Indian Space Research Organisation (Isro) will launch ASTROSAT, a dedicated astronomy satellite for studying celestial objects, on 28 September, according to an Isro spokesperson.
Along with the satellite, the national space organization will launch six other satellites including one from Indonesia, one from Canada and four from the US. The seven satellites will be launched aboard Isro’s workhorse rocket, Polar Satellite Launch Vehicle PSLV-C30, from the Satish Dhawan Space Centre in Sriharikota, Andhra Pradesh.
The rocket with seven satellites will blast off on Monday at 10.00 am. from the first launch pad of the rocket port at Sriharikota in Andhra Pradesh. Now, ISRO will be launching seven satellites for the third time in its history.
“The launch vehicle assembly has been completed and the satellites have arrived in Sriharikota. Satellite integration will begin after initial checks are completed,” said the Isro spokesperson. After the launch, ASTROSAT will become the first mission to be operated as a space observatory by Isro.
ASTROSAT – the country’s first dedicated multi-wavelength space observatory that will help in understanding the universe – began today, the Indian space agency said.
The satellite which will have an operational lifetime of five years will produce an estimated 300 terabyte of data for this period which will be processed and archived by scientists involved in mission. The primary data archive for ASTROSAT will be located at the Indian Space Science Data Centre near Bangalore.
All these satellites will blast off from the Satish Dhawan Space Center, SHAR at 10 am on Monday, onboard PSLV-C30, which will carry them into 650 km orbit.
The first and third stages are powered by solid fuel while the second and fourth stages are powered by liquid fuel which will be filled during the countdown.
Apart from fuelling up the engines, all the systems would be checked and rechecked during the countdown.
On Monday morning the rocket will launch India’s ASTROSAT weighing 1,513 kg, apart from four from the US and one each from Indonesia and Canada.
The PSLV will carry a total payload of 1,631 kg during this mission.
Just over 22 minutes into the flight, the rocket will eject ASTROSAT at an altitude of 650 kms above the earth.
Soon after, six other satellites will be put into orbit and the whole mission will come to an end in just over 25 minutes.
ASTROSAT, with a life span of five years, will observe the universe through optical, ultraviolet, low and high energy X-ray components of the electromagnetic spectrum, whereas most other scientific satellites are capable of observing through a narrow wavelength band, the agency said.
The Indonesian 76 kg LAPAN-A2 is a micro-satellite from the National Institute of Aeronautics and Space, meant for providing maritime surveillance using automatic identification system (AIS), supporting Indonesian radio amateur communities for disaster mitigation and carrying out earth surveillance using video and digital camera.

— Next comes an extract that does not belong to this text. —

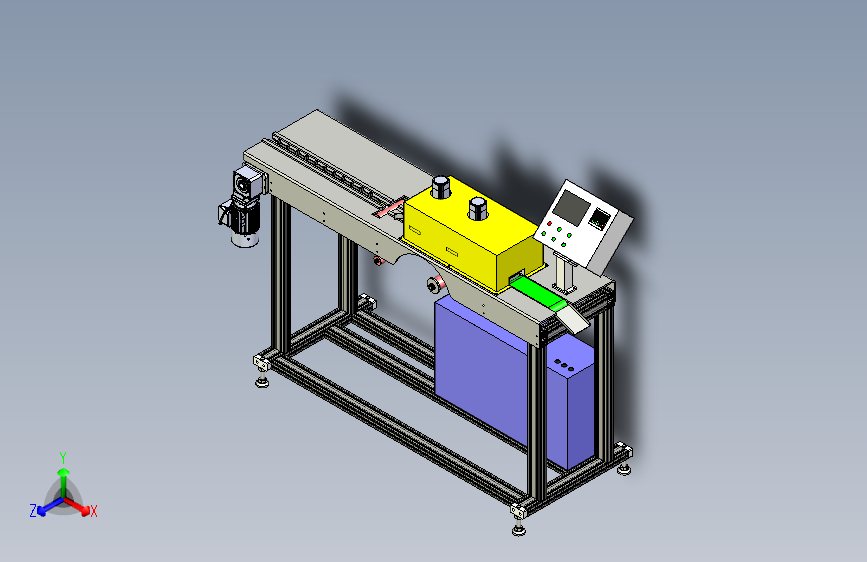 食品真空包装机设计[三维Solidworks]==384108=800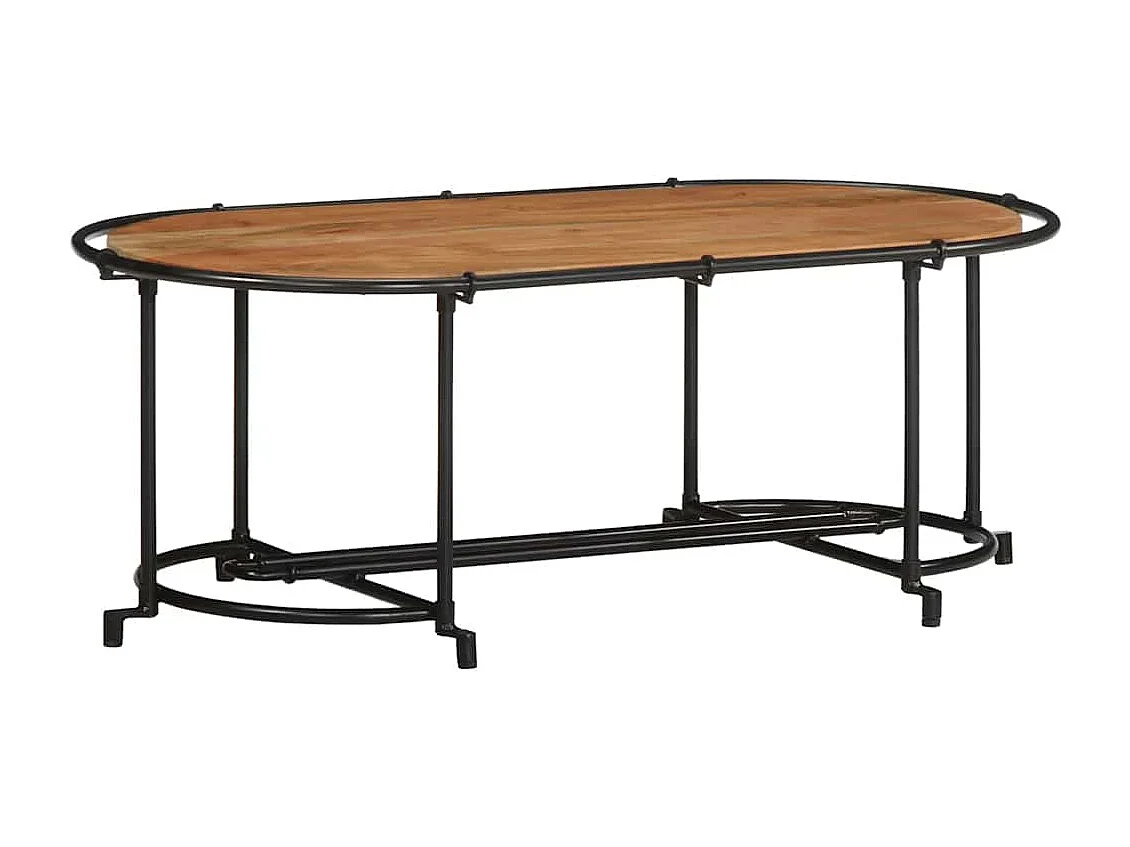 Mesa de centro madera maciza acacia 110x55x40 cm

The 14-kg NLS-14 (Ev9) of Space Flight Laboratory, University of Toronto Institute for Advanced Studies, is also a maritime monitoring Canadian nano satellite using the next generation AIS.
The remaining four LEMUR nano satellites from Spire Global Inc., San Francisco, US, are non-visual remote sensing satellites, focusing primarily on global maritime intelligence through vessel tracking via AIS and high fidelity weather forecasting using GPS radio occultation technology, the ISRO said.